Second, refactoring is so important because it gives you a chance to improve your code. Unit testing (and indeed all testing) makes this possible. Test driven development isn’t just about test-first development, it’s also about refactoring. The last step of a TDD sequence is to refactor. You ensure your tests pass, you refactor, and you run your tests again, to make sure they still pass — to ensure you’ve not broken anything while refactoring. A suite of unit tests acts as scaffolding around your code, allowing you to rebuild parts of it without fear of the edifice collapsing. If you’ve made a mistake in your refactoring then the unit tests should show exactly whereabouts the problem is.
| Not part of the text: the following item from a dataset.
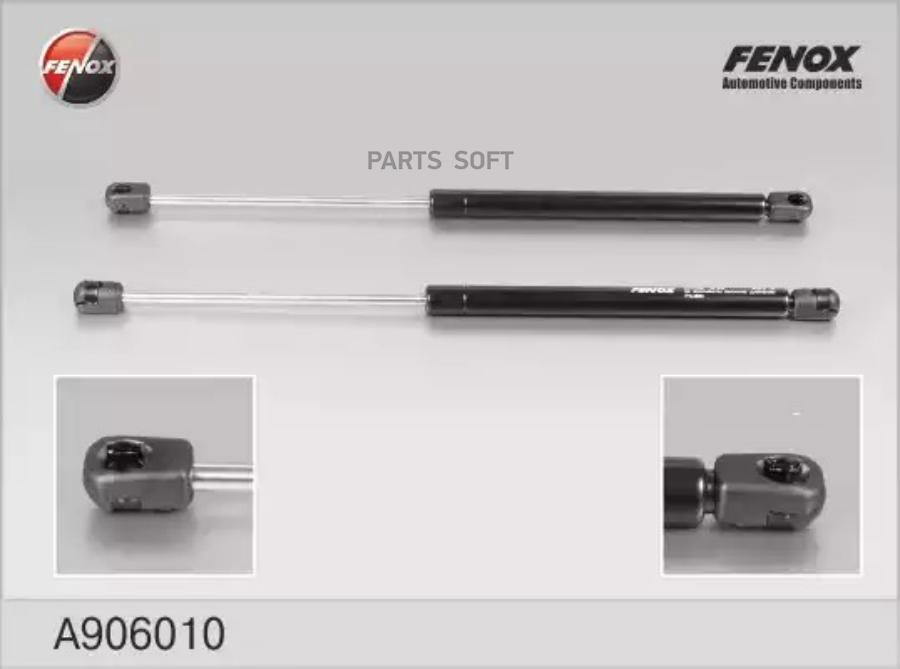 

Упор Газовый Капота Hyundai Santa Fe Ii 06- A906010 FENOX арт. A906010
Third, taking the previous two together, you can make vast, sweeping changes to your codebase in tiny, safe steps. Simply break down the process into lots of small refactorings, and test after each one. This is how the apparently-impossible task of changing your entire codebase reliably is possible. In reality you’ll probably never want to change your entire codebase but you will want to change large chunks of it, and this is how you’d do it.
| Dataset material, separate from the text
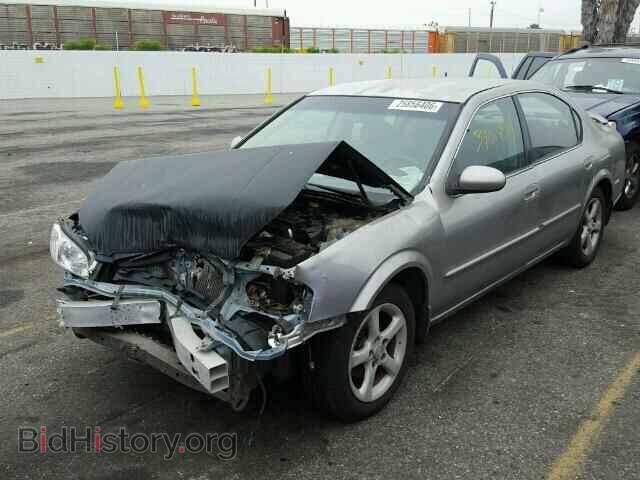 2000 NISSAN MAXIMA - VIN: JN1CA31D6YT757852 - Фото 2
Fourth, you often find yourself needing to add a feature which seems reasonable to a client, but difficult to someone who understands the structure of the application. An excellent way to add the feature is to utilise refactoring as follows: refactor the software so that the addition of the feature does become a natural extension, and then add it. Martin Fowler gives an excellent worked example of this in the first couple of chapters of his book, which is (almost) worth the price of admission alone.

Now you can browse the refactoring catalogue linked to above (and here again), but here are some of my favourite refactorings…

  1. Rename variable. This is very trivial, and very easy, but all the better for it. Forgotten what a variable does? Give it a better name. It’s so easy to do, but so useful.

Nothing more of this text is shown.